今日は美味しいパン屋のケータリングが来ていたので、天気もいいしパン買って中庭で食べる事にした。
時々来るんだって。ケータリング。
珍しいところで、トルコのケバブ屋が来てたこともあったらしい。
今日のは無添加パン屋さん。
俺はほうれん草とチーズのマフィンと白身魚フライの玄米パンのサンドイッチ。
美村はトマトとチーズのパニーニとロコモコベーグルサンド。
園田はアボカドと海老のサンドイッチとバナナマフィン。
どれも美味そうだ。
ちょうどいい木陰のベンチに3人座って、昼食にする。
─────あ!
「なぁ、園田」
「うん?」
「平野って知ってる?」
園田が固まった。
「?」
「なんで平野くんのこと知ってるの?」
「ああ。昨日バスで一緒だったんだよ」
園田のリアクションで確信した。
「……やっぱ、いじめられてんのか?」
園田と美村が顔を見合わせる。
「いじめとはちょっと違うんだけど……」
「園ちゃん、もういいんじゃない? アリスちゃんて生徒会メンバーをことごとく神回避してるじゃない~。
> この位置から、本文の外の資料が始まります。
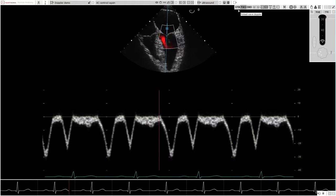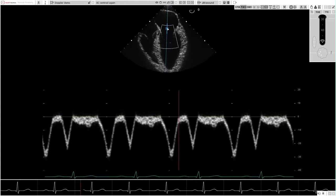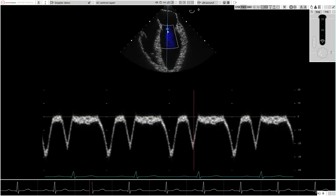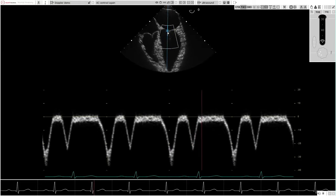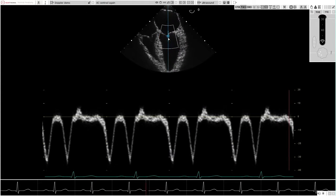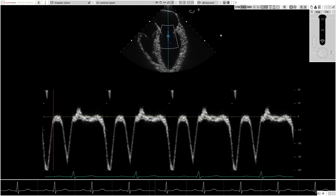Standard Doppler quantification tools such as measurement of peak and mean velocities, velocity time integral, and pressure halftime will be included in the software.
園ちゃんの期待するような、萌え展開にはならないよぉ」
またよく分からん会話になった。
「だね。有栖川くんて、まだ一回も生徒会のメンバー見たことないでしょ」
「ない」
園田が言うには、俺がトイレに行ってるときとか、先生に呼び出されてるときとか、何度かニアミスで生徒会の連中が現れるのと入れ違ってるらしい。
美村は面白いくらいの神回避って笑ってる。
別に生徒会の連中なんて、見なくてよくね?
だいたい山田時代の高校生活でも生徒会長なんて、何やってるかもよく知らなかったし。
「うちの生徒会は特別だよ。人気ランキング上位の面々だからね」
この学園にはランキングなんてものがあるらしい。
「生徒会長の西大路さまは抱かれたいランキング1位なんだよ」
「それは他校の女子高生が抱かれたいって言ってるんだよな」
「違うよ。望応学園でだよ」
「……んっ? ……はぅあ! そうだった! ホモ多いんだった!」
「アリスちゃん……」
俺がうげぇって顔したら、美村が呆れた目で見てきた。
はっ。そういやコイツもホモか!
「いや。美村、俺お前に偏見は無いから!」
「俺もホモじゃないよぉ」
「えっ?」
「ん~。どっちかってゆうと、バイ?」
美村がへらっと笑った。
「俺、本気で惚れてくるような子には手ぇ出さないしね。お互い割り切った関係だけよぉ。ドライなの」
「お、おお?」
チャラ男の美学ってやつかしら。
いいんだか悪いんだか……。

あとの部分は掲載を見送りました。